Das geht nicht darum, jemanden auszutricksen. Es geht um Bestätigung. Sie zeigen: Der Nutzer hat gut geklickt und ist genau dort, wo er sein muss. Eine wirklich converting landing page bedeutet, Vertrauen aufzubauen – Schritt für Schritt über konsistente Botschaften. Respektieren Sie die Intent, führen Sie den Nutzer zur Lösung, die Sie versprochen haben, und Sie verwandeln Klicks in Kunden.
Designen Sie CTAs und Formulare, ohne Conversions zu töten
Reden wir über den letzten Moment der Wahrheit. Sie haben die Botschaft perfekt ausgerichtet, das Layout ist sauber und der Nutzer nickt innerlich schon und ist bereit zu handeln. Dann sieht er Ihre Call-to-Action-Button: ein trauriges, graues Rechteck, das einfach nur Submit sagt.
Dieses eine faule Wort kann all Ihre harte Arbeit zunichtemachen. Es ist das digitale Äquivalent eines schlaffen Händedrucks.
Ihr CTA-Button ist nicht nur ein Button; er ist der Auslöser. Er ist die letzte Belohnung für das Versprechen der ganzen Seite. Ein generisches Wort wie Submit ist komplett unmotivierend und lenkt die Aufmerksamkeit darauf, was der Nutzer aufgibt (seine Daten) – statt darauf, was er bekommt. Der Text muss den Wert verstärken und Momentum schaffen – nicht Reibung.

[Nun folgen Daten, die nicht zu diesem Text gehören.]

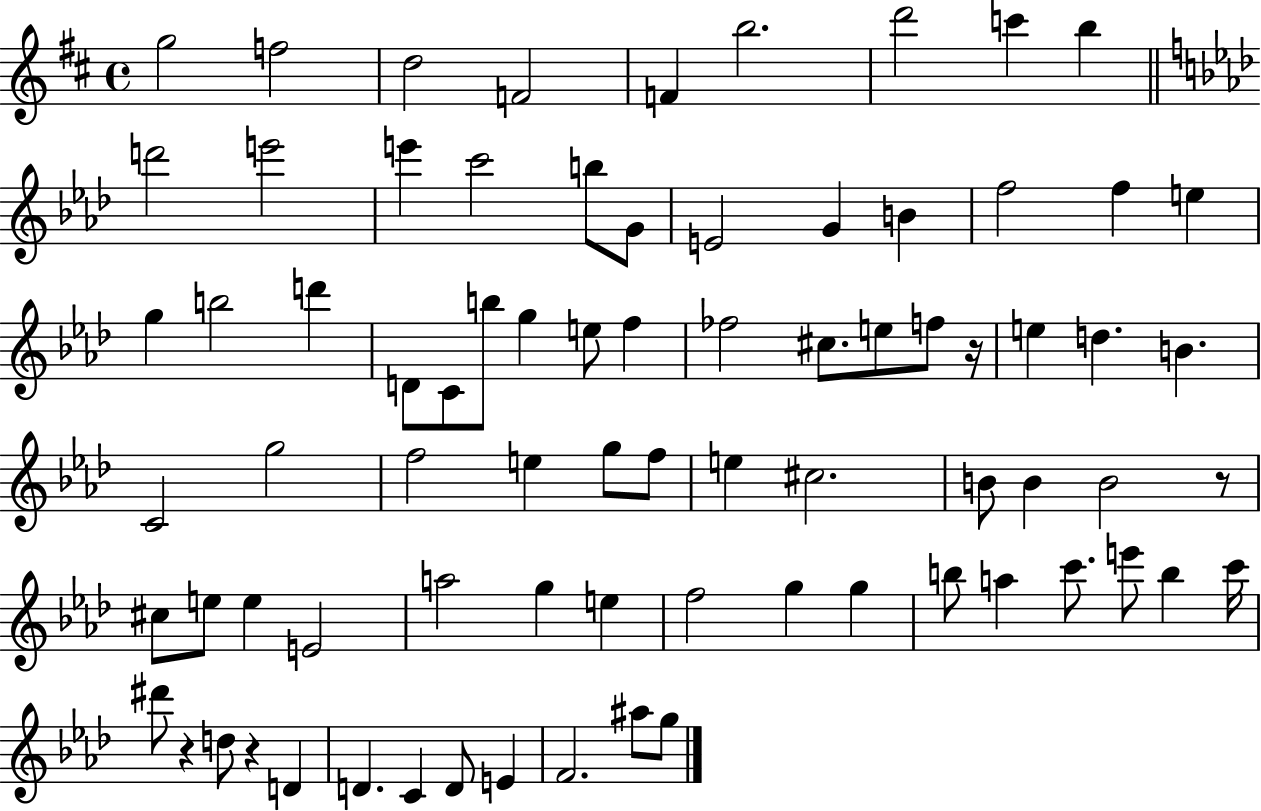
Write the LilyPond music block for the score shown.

{
  \clef treble
  \time 4/4
  \defaultTimeSignature
  \key d \major
  \repeat volta 2 { g''2 f''2 | d''2 f'2 | f'4 b''2. | d'''2 c'''4 b''4 | \break \bar "||" \break \key aes \major d'''2 e'''2 | e'''4 c'''2 b''8 g'8 | e'2 g'4 b'4 | f''2 f''4 e''4 | \break g''4 b''2 d'''4 | d'8 c'8 b''8 g''4 e''8 f''4 | fes''2 cis''8. e''8 f''8 r16 | e''4 d''4. b'4. | \break c'2 g''2 | f''2 e''4 g''8 f''8 | e''4 cis''2. | b'8 b'4 b'2 r8 | \break cis''8 e''8 e''4 e'2 | a''2 g''4 e''4 | f''2 g''4 g''4 | b''8 a''4 c'''8. e'''8 b''4 c'''16 | \break dis'''8 r4 d''8 r4 d'4 | d'4. c'4 d'8 e'4 | f'2. ais''8 g''8 | } \bar "|."
} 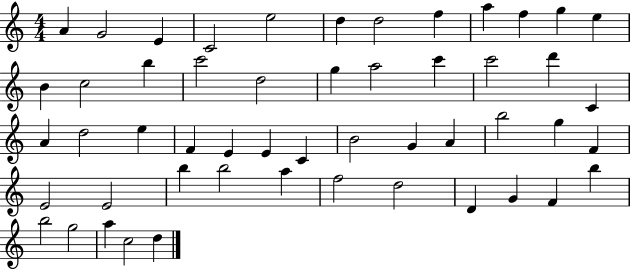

Mach aus Ihrem CTA eine Value Statement
Denken Sie an die Psychologie. Der Nutzer soll sich so fühlen, als würde er etwas gewinnen – nicht nur eine Aufgabe für Sie abschließen. Der Button-Text sollte der Höhepunkt Ihres Value Propositions sein.
Verwandeln Sie den CTA, der wie eine Pflicht wirkt, in einen klaren Nutzen:
- Statt Submit, probieren Sie Get My Free Demo.
- Statt Download, probieren Sie Download the Playbook.
- Statt Sign Up, probieren Sie Claim My Spot.
Sehen Sie den Unterschied? Das erste Set ist passiv und schwach. Das zweite ist aktiv, persönlich und lenkt den Fokus ganz auf die Belohnung. Es vervollständigt den Satz I want to… für den Nutzer – sodass sich der Klick wie eine eigene Idee anfühlt. Kleine Änderung, riesige Wirkung.
Das Verhältnis zwischen Designelementen der Seite und Conversion-Erfolg ist sehr real. Seiten mit nur einem klaren Link oder einer klaren Aktion konvertieren mit 13,5%, während Seiten, die mit fünf oder mehr Links zugemüllt sind, auf 10,5% fallen. Jede zusätzliche Entscheidung bietet dem Nutzer eine weitere Gelegenheit, zu gehen. Sie können mehr Insights zu diesen Landing-Page-Statistiken entdecken und sehen, wie Einfachheit gewinnt.
Dieses Prinzip, Reibung zu reduzieren, wird noch wichtiger, wenn wir zum Formular selbst kommen.
Das Formular ist Ihr Feind (also halten Sie es klein)
Hier ist eine universelle Wahrheit: Niemand will Ihr Formular ausfüllen. Jedes einzelne zusätzliche Feld ist ein weiterer Grund, warum der Nutzer die Seite verlässt. Das ist eine direkte „Steuer“ auf Zeit und Geduld. Ihre Aufgabe ist es, diesen Prozess so schmerzfrei wie möglich zu machen.
Seien Sie rücksichtslos bei jedem Feld, das Sie abfragen. Benötigt Ihr Sales Team wirklich jetzt sofort die Unternehmensgröße und den Jahresumsatz, oder kann das für einen Follow-up Call warten? Oft brauchen Sie eigentlich nur eine E-Mail-Adresse, um das Gespräch zu starten. Der Rest ist nur „nice-to-have“-Daten, die Ihre Conversion Rate töten.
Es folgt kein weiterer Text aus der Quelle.